Who are they? A comparison of those who back Clinton but disapprove of Obama with the group that is both pro-Clinton and pro- Obama suggests that the swing constituency is much more likely to be blue-collar and white — 71 percent of the mixed group are white, compared with only 57 percent of the pro-Obama, pro-Clinton group, and it is also somewhat more Latino. Whites without college degrees constitute 47 percent of the Hillary Difference Voters but only 30 percent of the pro-Clinton, pro-Obama group. In keeping with this, 62 percent of the Hillary Difference Voters have incomes of less than $50,000 annually.
Ideologically, the swing group includes significantly fewer selfdescribed liberals. Among the Hillary Difference Voters, only 29 percent call themselves liberal; among those who both favor Clinton and approve of Obama, 43 percent are liberals. Nearly a third of the mixed group are white evangelical Protestants, compared with only 10 percent of those who react positively to both Democrats. Clinton also runs ahead of Obama’s approval rating among voters aged 30 to 49, among white Southerners, and among independents, including those who say they lean Republican.

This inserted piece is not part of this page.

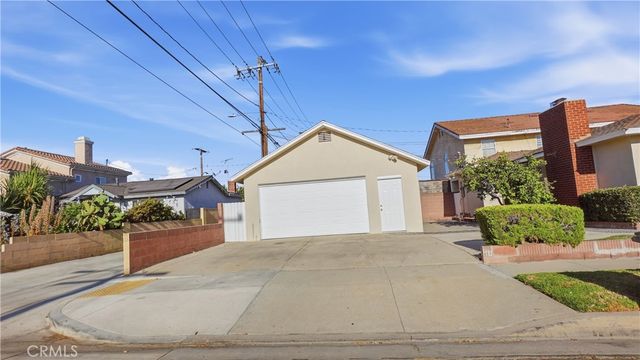 12135 186th, Artesia, CA 90701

Interestingly, while the swing group is 63 percent female — yes, Clinton does have particular appeal to women — this is not hugely different from the pro-Clinton, pro-Obama group, 59 percent of whom are female. Both numbers show how important women have become to the Democratic coalition.
As for the fall elections, the poll found that overall, 45 percent said they would vote for the Democratic candidate in their congressional district, while 44 percent said they would vote for the Republican. Not surprisingly, Democrats win the pro-Obama, pro-Clinton group overwhelmingly, 86 percent to 7 percent. But the Hillary Difference Voters split only 56 percent Democratic, with 26 percent choosing the Republican, and most of the rest still undecided. Again, this is the group in which Democratic support has room to grow. (Thanks to Peyton Craighill, The Washington Post’s polling manager, for pulling together these numbers.)
The findings call into question easy comparisons of Clinton’s establishment standing with the populist appeal of Sen. Elizabeth Warren, the Massachusetts Democrat whose new book “A Fighting Chance” is becoming a bible for the party’s economic liberals.
While Hillary Clinton, like her husband, can reach moderate voters — thus her popularity among nonliberals — the contours of the Hillary Difference constituency are decidedly populist. The voters Obama and the Democrats need to re-engage are a less affluent, non-elite group for whom the economy is the central concern. In their different ways, both Clinton and Warren may end up pointing the party and the president in the same direction.
This is why last Friday’s very encouraging jobs report was about the best sort of news Obama could get. It’s also why he has been spending a lot of time talking about the minimum wage — and why Bill Clinton gave a stemwinder last week touting his own economic record as president. The swing voters this year are motivated by economic discontent. They don’t trust the Republicans but aren’t happy with the Democrats. Hillary Clinton has many of them. Obama needs them to come back his way.